She amassed a great deal of knowledge about sicknesses and poisons such as strychnine and ricin that she often featured in her novels. Their bewilderment and personal sorrows affected her deeply. During WWI Agatha worked as a nurse, tending to the ill and injured, many who were displaced Belgians. On 24 December 1914, at the age of twenty-four, Christie married Royal Flying Corps pilot Archie Christie, with whom she would have a daughter, Rosalind (1919-2004). Having long been encouraged by her mother to write, Agatha continued to write there while also studying music (which became a life-long love), singing, and piano. While she received no formal education, her mother and then governesses taught her at home to read before she entered finishing school in Paris, France in 1906. The family attended All Saint’s Church where Agatha was baptised. The shy and sensitive Agatha, who was very close to her mother, had an older sister, Margaret ‘Madge’ (1879-1950) and brother Louis ‘Monty’ Montant (1880-1929).

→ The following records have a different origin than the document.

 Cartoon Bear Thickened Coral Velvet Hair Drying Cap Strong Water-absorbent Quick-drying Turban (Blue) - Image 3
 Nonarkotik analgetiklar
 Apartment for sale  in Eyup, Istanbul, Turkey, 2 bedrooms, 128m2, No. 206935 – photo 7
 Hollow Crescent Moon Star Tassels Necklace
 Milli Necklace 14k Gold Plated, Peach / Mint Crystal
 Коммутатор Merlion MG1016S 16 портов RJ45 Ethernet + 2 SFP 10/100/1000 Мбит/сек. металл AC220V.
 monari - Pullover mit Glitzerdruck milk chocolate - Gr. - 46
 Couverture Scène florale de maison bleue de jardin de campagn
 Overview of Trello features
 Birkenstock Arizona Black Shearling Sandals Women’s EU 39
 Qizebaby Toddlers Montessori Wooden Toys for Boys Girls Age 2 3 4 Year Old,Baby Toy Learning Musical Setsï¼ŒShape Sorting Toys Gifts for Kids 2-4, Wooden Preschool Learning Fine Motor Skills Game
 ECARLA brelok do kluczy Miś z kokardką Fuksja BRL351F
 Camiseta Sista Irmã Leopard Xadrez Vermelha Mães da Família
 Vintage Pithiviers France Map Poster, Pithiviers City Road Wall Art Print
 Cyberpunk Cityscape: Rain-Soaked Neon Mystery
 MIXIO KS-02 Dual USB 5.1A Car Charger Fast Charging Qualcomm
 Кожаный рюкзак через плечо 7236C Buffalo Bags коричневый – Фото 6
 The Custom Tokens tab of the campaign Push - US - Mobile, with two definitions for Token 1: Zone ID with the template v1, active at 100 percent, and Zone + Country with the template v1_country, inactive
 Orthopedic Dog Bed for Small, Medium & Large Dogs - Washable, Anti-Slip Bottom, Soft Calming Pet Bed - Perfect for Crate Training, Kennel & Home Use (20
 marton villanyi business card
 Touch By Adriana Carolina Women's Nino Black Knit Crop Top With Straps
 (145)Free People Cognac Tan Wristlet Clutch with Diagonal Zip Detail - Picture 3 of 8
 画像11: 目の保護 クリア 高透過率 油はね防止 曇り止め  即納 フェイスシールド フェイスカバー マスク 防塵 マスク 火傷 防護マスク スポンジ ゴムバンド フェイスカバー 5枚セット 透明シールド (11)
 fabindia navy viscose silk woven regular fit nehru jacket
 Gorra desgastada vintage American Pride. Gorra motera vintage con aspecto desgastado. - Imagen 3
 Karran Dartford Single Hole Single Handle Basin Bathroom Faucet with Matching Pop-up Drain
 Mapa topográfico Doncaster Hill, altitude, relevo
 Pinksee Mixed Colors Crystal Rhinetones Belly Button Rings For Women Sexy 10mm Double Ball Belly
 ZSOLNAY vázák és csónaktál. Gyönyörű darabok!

As well as a writer of crime mysteries, she also read stories for BBC Radio, wrote non-fiction, romances, plays, and poetry.īorn in the family home Ashfield in Torquay, Devon, England on 15 September 1890, Agatha Mary Clarissa Miller was the youngest of the three children born to Clarissa ‘Clara’ Margaret née Boehmer (1855-1926) and American Frederick Alvah Miller (1846-1901), who died when Agatha was just ten years old. They have been translated to dozens of languages, inspired numerous other authors’ works, and have been adapted to radio, the stage, and film. 10) to her last, Sleeping Murder (1976), Christie enjoyed a career that spanned over fifty years and her works have now sold into the billions. It is ‘up to them’-as you say over here.” (Poirot, Ch.

From her first novel The Mysterious Affair at Styles (1920) “This affair must all be unravelled from within.” He tapped his forehead. Some of Christie’s best-known works are The ABC Murders (1936), And Then There Were None (1945), The Mousetrap (longest ever running stage play in London, first performed in 1952), Hickory Dickory Dock (1955), Witness for the Prosecution (1957), Murder on the Orient Express (1974), and Death on the Nile (1978). The Mysterious Affair at Styles ( 1920)Īka A Holiday for Murder / Murder for ChristmasĪka An Overdose of Death / The Patriotic Murdersģ3.“The young people think the old people are fools, but the old people know the young people are fools.”

As well, she wrote four non-fiction books including an autobiography and an entertaining account of the many expeditions she shared with her archaeologist husband, Sir Max Mallowan.ġ. Both have been widely dramatized in feature films and made-for-TV movies.Īgatha Christie also wrote romantic novels under the pseudonym Mary Westmacott. Two of the characters she created, the brilliant little Belgian Hercule Poirot and the irrepressible and relentless Miss Marple, went on to become world-famous detectives. Her writing career spanned more than half a century, during which she wrote 80 novels and short story collections, as well as 14 plays, one of which, The Mousetrap, is the longest-running play in history. She is the most widely published author of all time in any language, outsold only by the Bible and Shakespeare.

Her books have sold over a billion copies in the English language and another billion in 44 foreign languages. Agatha Christie is the world's best-known mystery writer.